---------- Supplied entries ----------
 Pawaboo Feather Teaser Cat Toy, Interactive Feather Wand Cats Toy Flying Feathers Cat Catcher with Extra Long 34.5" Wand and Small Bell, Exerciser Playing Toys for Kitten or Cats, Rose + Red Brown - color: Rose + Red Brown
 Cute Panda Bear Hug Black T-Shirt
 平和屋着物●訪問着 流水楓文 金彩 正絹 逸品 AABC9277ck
----------
---------- Supplied entries ----------
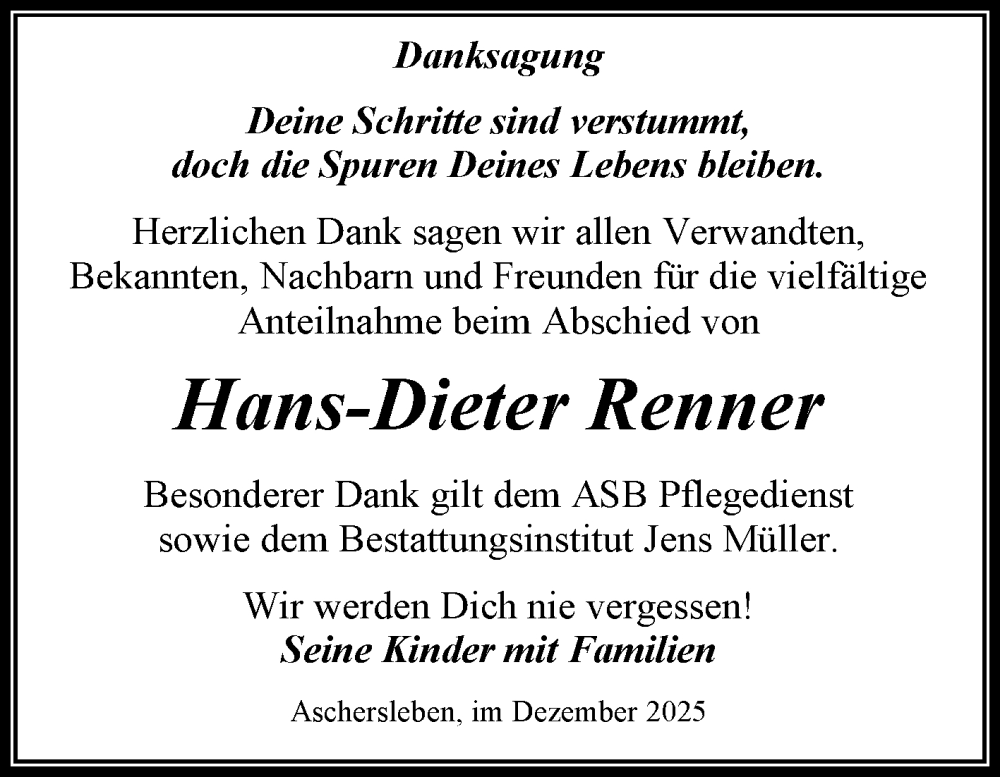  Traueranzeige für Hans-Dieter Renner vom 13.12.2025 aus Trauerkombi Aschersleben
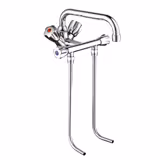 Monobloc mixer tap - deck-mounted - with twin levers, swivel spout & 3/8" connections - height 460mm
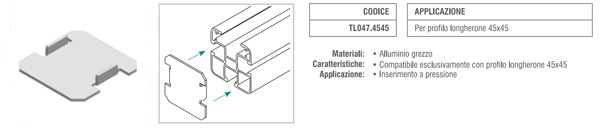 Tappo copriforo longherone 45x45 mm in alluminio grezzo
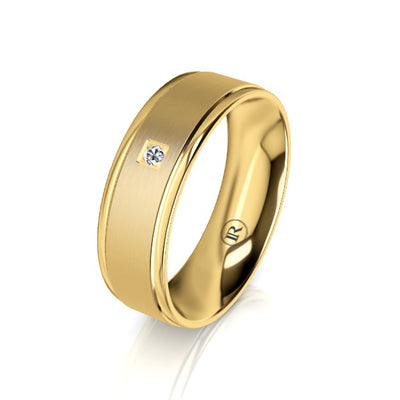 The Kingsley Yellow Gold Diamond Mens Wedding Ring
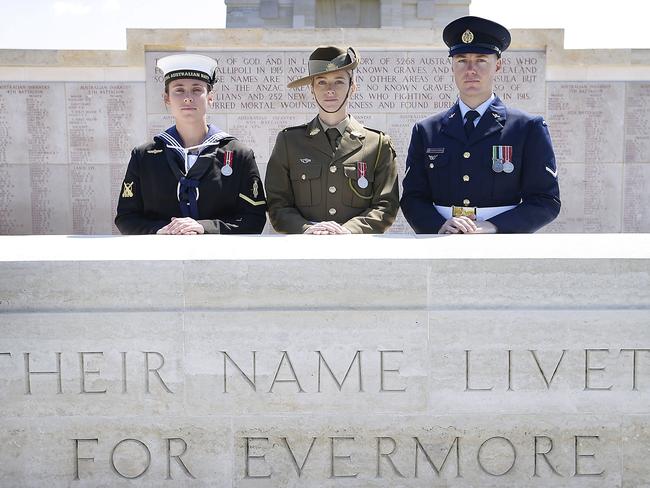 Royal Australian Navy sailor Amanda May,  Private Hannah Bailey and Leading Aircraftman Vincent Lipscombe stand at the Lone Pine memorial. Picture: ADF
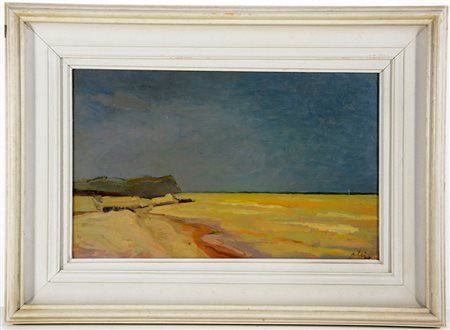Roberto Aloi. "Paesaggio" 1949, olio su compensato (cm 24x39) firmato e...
----------
Your goal
From the material above, set down exactly the lines between the line holding "Pawaboo Feather Teaser" and the line holding "平和屋着物●訪問着 流水楓文 金彩 正絹 逸品 AABC9277ck", inclusive. Include nothing else.

Answer box
 Pawaboo Feather Teaser Cat Toy, Interactive Feather Wand Cats Toy Flying Feathers Cat Catcher with Extra Long 34.5" Wand and Small Bell, Exerciser Playing Toys for Kitten or Cats, Rose + Red Brown - color: Rose + Red Brown
 Cute Panda Bear Hug Black T-Shirt
 平和屋着物●訪問着 流水楓文 金彩 正絹 逸品 AABC9277ck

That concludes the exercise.